The material below includes pictures; leave them out and return only the lines between the line containing "TheBlueHouseKR's tweet photo." and the line containing "문재인 대통령은 오늘", inclusive, word for word.

▶ Data:

Segment Open

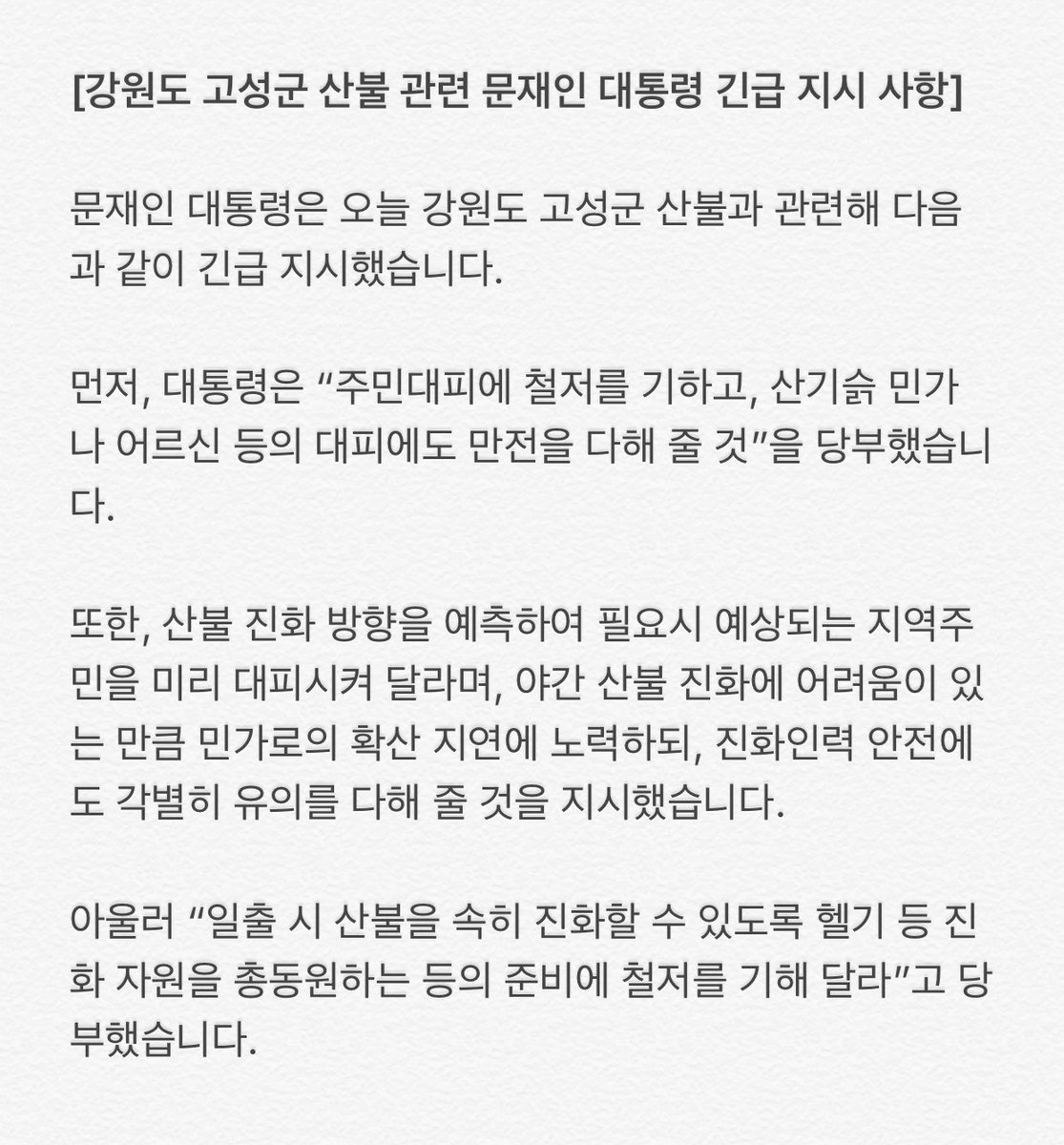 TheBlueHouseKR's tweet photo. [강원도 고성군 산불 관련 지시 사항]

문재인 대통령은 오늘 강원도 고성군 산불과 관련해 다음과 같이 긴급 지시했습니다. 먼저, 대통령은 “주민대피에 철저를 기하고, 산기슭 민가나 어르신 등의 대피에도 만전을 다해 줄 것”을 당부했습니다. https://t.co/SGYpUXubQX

Segment Closed
Segment Open

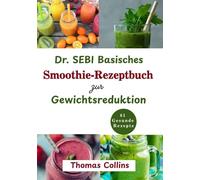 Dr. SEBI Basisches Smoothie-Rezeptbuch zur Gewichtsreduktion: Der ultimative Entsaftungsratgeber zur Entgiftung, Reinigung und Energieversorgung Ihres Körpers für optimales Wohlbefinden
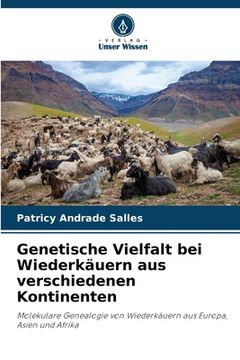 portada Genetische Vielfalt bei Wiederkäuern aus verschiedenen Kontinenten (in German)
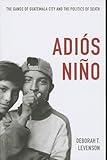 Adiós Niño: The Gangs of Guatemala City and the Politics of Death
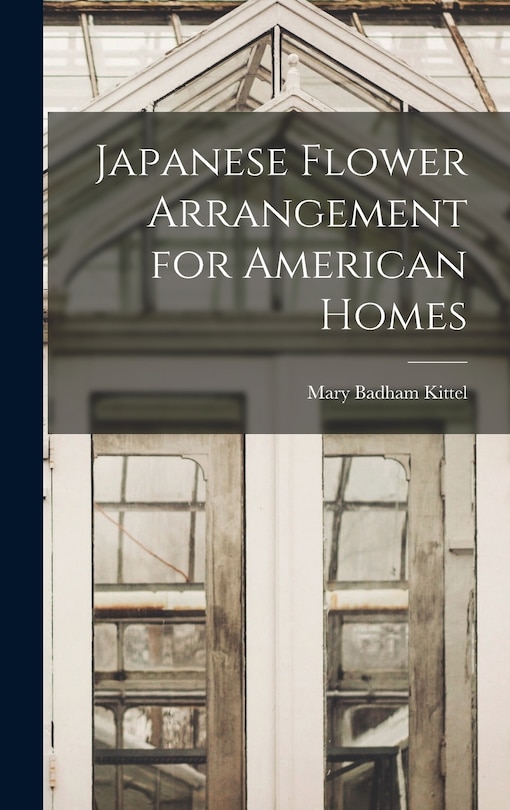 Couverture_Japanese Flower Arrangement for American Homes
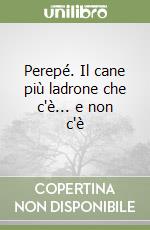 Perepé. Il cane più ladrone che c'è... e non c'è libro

Segment Closed
Segment Open

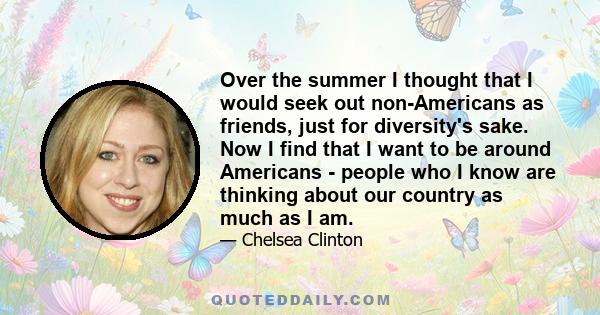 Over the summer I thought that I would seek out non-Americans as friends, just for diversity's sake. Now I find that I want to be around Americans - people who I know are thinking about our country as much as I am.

Segment Closed

▶ Your solution:
 TheBlueHouseKR's tweet photo. [강원도 고성군 산불 관련 지시 사항]

문재인 대통령은 오늘 강원도 고성군 산불과 관련해 다음과 같이 긴급 지시했습니다. 먼저, 대통령은 “주민대피에 철저를 기하고, 산기슭 민가나 어르신 등의 대피에도 만전을 다해 줄 것”을 당부했습니다. https://t.co/SGYpUXubQX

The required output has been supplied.